Start Saving For Retirement As Soon
As Possible!

When you start saving for retirement you will be better off financially when it is time for you to retire.

These days, it's not safe to assume that there will be a system like State Pension to provide for all your needs when you retire. Even if there is, it's unlikely that it will be enough to live on in the same kind of lifestyle that you are used to.

Saving money for your retirement the moment you start earning is one of the wisest things that you can do with your money. That's because the sooner you start saving the more time your money has to grow.

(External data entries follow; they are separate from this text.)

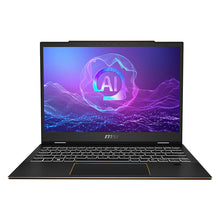 Load image into Gallery viewer, MSI Summit 13 AI+ Evo A2VMTG-033SG - UT7-258V 32GB 1TB 13.3"
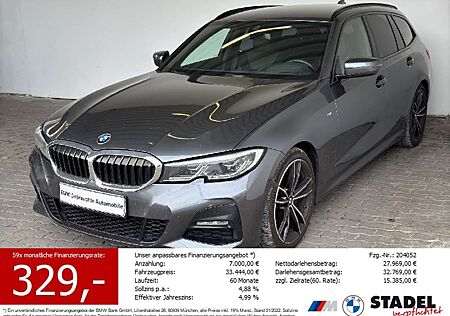 BMW 330 d Tour. M Sport Navi.Laser.HuD.HarmKard.KomfZ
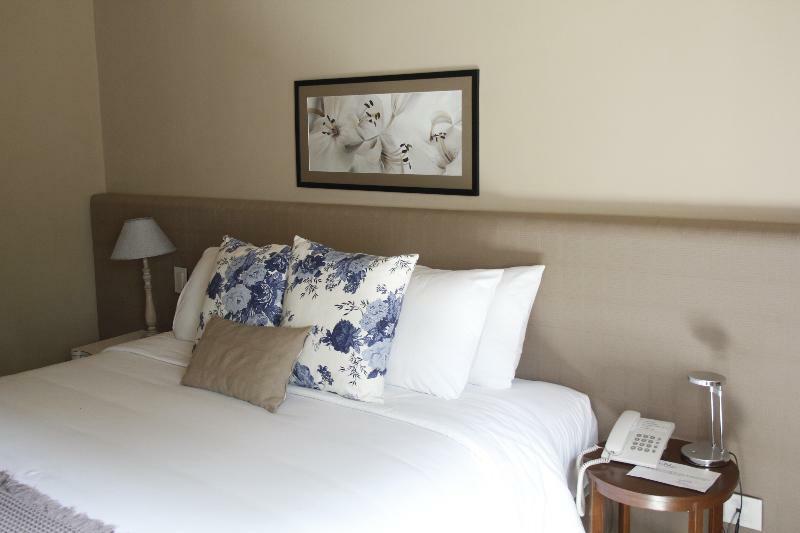 Faro Norte Suites อะซุนซิออง ภายนอก รูปภาพ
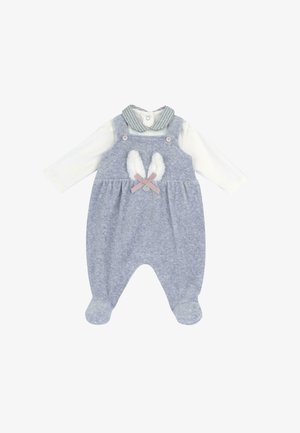 Chicco Pijama de bebé - grey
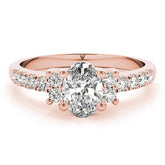 Color Rings Oval - TN83276-5X3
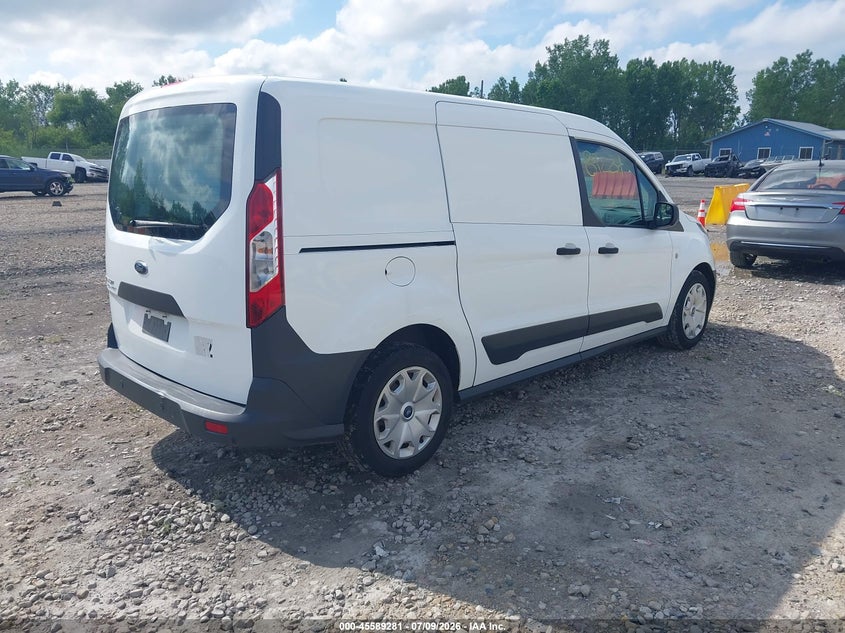 AtlanticExpress - Ford Transit Connect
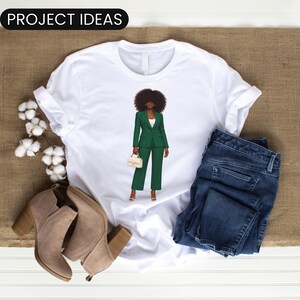 Black Girl Clipart,
Fashion Girl PNG,
Black Woman PNG,
Spring Clipart,
Stylish Women PNG,
Office Outfit PNG,
Planner Stickers,
Afro Fashion PNG,
Fashion Clipart,
Boss Lady PNG,
Trendy Clipart,
Workwear Stickers,
Woman Clipart PNG,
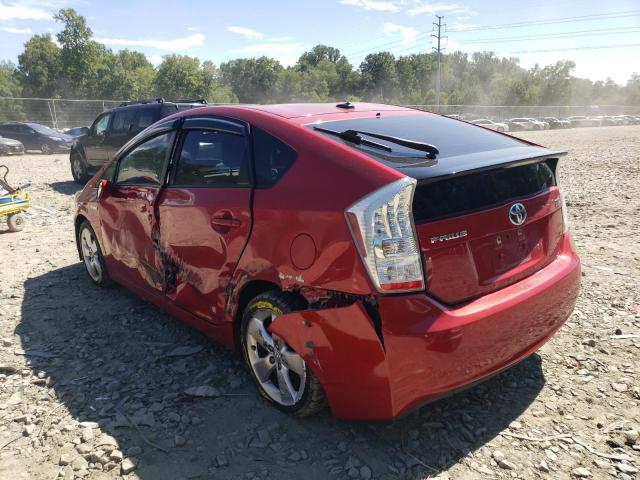 Photo 1 VIN: JTDKN3DU6A0106883 - TOYOTA PRIUS 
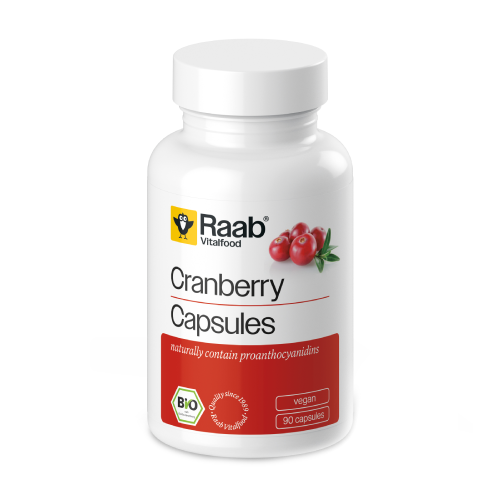 Estratto di mirtillo rosso - proantocianidine, 90 capsule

There are even ways to start saving for retirement much earlier.

How to actually start saving
for retirement?

How does someone just starting out in their career - or for that matter someone of any age - go from wanting to prepare for retirement to actually start saving for retirement?

I have three suggestions:

1. Just automate the whole saving for retirement process

Unfortunately, for many people saving doesn't come naturally anymore. They don't start saving for retirement.

Instead they 'suffer' from a common habit. They believe that one must ‘spend, spend, spend’, using credit cards or other forms of credit, in order to enjoy life to the fullest. These people have the mindset of the 'hyperspender'.

Hypersenders believe that buying certain products and services have a direct influence on their happiness. Whatever it is, they need to have it NOW, whatever the cost. Without it they are unhappy, in fact extremely unhappy.

If easy borrowing is getting in the way of saving for retirement, then maybe you need to kick the plastic habit and operate on an earned cash basis only for awhile.

It’s only once you realise that you can’t spend your way to a comfortable retirement that the ‘hyperspender’ mindset in you starts to shift - your spending adjusts accordingly – and you move away from wanting to prepare for retirement to actually start saving for retirement.

However, even if you possess the willpower to forego pleasures today for
a payoff tomorrow, exercising it on a consistent basis can be tough considering that affording even the necessities these days can be a challenge.

Put your savings on autopilot!

The most effective way to start saving for your retirement is to automate the whole process.

If your employer offers a pension scheme enrol in it so that money flows automatically from your salary into your retirement savings account before you even get a chance to spend it.

From 2012 onwards, companies will start to automatically enrol employees into their workplace pension schemes, unless the employee actively opt-out.

If your employer currently doesn't offer a pension scheme, then open a Self Invested Personal Pension (“SIPP”) plan. Again put it all on autopilot - have money automatically transferred from your bank account to your SIPP account and let your SIPP provider invest it in a fund each month.

2. Overcome any hurdles – your retirement is at stake!

Unfortunately, some people never get around to start saving for retirement because the whole process just seems too complicated to them.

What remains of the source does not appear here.